Rabbi Pinchas in the name of Rabbi Hoshaia said, "While the king sits at his table" (Song of Songs, 1:12), before the King, the King of Kings, the Holy One, blessed be He, sits at his table in heaven, He went first, as it is said (Ex. 19:16): "And it came to pass on the third day in the morning." This is like a king who decreed, "On a certain day I will enter the country," and the people of the country slept all night, and when the king came and found them sleeping, he made loud noises of trumpets and rams horns, and the minister of that state woke them up and brought them toward the king, and the king walked before them until they reached his palace, so, too, the Holy One, blessed be He, went first, "for on the third day the Lord will come down in the sight of all the people" (Ex. 19:11). The Israelites slept that whole night since the sleep on the night of the holiday is pleasant, and the night is short. As R. Yodan said, not even a tick bit them on that night, the Holy One, blessed be He, came and found them sleeping. He began to make loud noises, as it is written, (Ex. 19:16) "And it came to pass on the third day in the morning, that there were thunders and lightnings," and Moses awakened the Israelites and brought them toward the king, the King of Kings, the Holy One, and it is written there (Ex. 19:17): "And Moses brought forth the people out of the camp to meet with God." And the Holy One, blessed be He, walked before them until He reached Mount Sinai, as it is written, (Ex. 19) "And mount Sinai was altogether on a smoke." Rabbi Yitshak said, this is the complaint of Isaiah, as it is written (Is. 50): "Wherefore, when I came, was there no man? When I called, was there none to answer? Is my hand shortened at all, that it cannot redeem?"

(Shir Hashirim Raba, 1:2)

 

The Magid of Duvna was visiting the Gaon on the Holiday of Shavuot, and the Gaon recited a Tikkun for the night of Shavuot, and the Magid did not recite one. He just studied a single book. And the Gaon asked him why he hadn't recited the Tikkun, too. And he answered with a parable: There was a young yeshiva student, and a few years after his marriage his father-in-law asked him why he had not opened a business. He asked him: What commercial business should I engage in? And he told him to go to the market and look at what the other people were doing, and he should do the same. He went to the market and saw that people had hung various things in front of the shops, and this was their business. He also went and rented a shop, and outside of it he hung some objects, and inside the shop there was nothing at all. Customers came to the shop, and he had nothing to sell them, and his father-in-law came and asked him how his business was going. He told him he had done what the other stores did, but he had no income, and his father-in-law shouted at him and said: "You fool! What the other shopkeepers hang in front of their stores is just a sign to show that they have to sell inside the store, and it isn't enough for them." In the same way, every tikkun is just the beginning of a section and the end of it, and it is just a sign of the entire Torah. Since Your Honor the Gaon possesses the entire Torah, the signs are enough for you. But I am unable to make do with just the signs.
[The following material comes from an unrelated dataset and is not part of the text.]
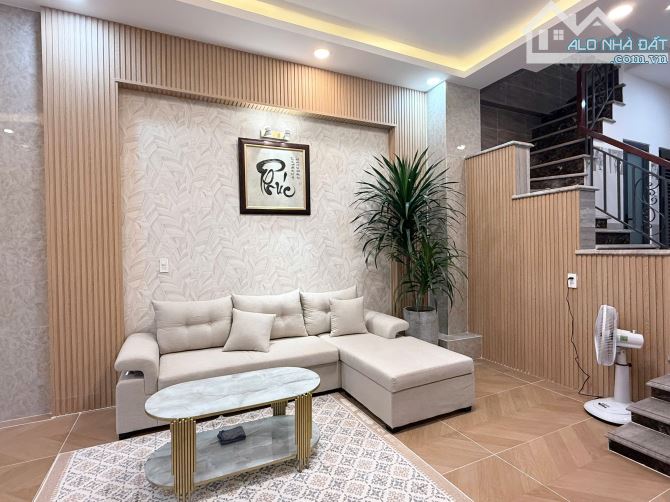 Bán nhà MT nội bộ Bùi Minh Trực- 4m x 13- 52m/2 - 1 trệt 4 Lầu + sân thượng - 4PN - F6 Q8 - 8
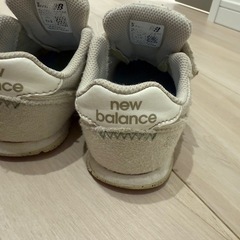 ニューバランス スニーカーの画像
(Siah Sarfei Kodesh - Leshon Hasidim meHasidut Peshiskha, Kotsk, Gur, and Alexander, collected by Yoets Kayam Kadish).

 

The Secret of the Bread and the Revelation

Daniel Epstein

Dedicated to the memory of my mother,

Edith Barnard, Yakha Gittel bat Avraham Yitzhak z"l,

on her 20th yahrzeit, 25 Iyar, 5771.

If you ask someone, "What the first association that arises in your mind in response to the word 'Shavuot,'?" most likely he will say: "A rich dairy meal on the eve of the holiday." According to a certain custom, people also wander from lesson to lesson and try to find what they are looking for by deciphering the names of the teachers and their subjects on the posters that are put up everywhere; they attend prayer at the Western Wall at sunrise and maybe are left with a feeling of a missed opportunity, if they didn't achieve revelation. So the question arises: Where are we on Shavuot? Where is the body, and where is the soul, and why do people look forward to a meal, study, and prayer? For there cannot be revelation without the expectation that precedes it and makes it possible, just like the days of Counting the Omer and the days of restriction before the giving of the Torah.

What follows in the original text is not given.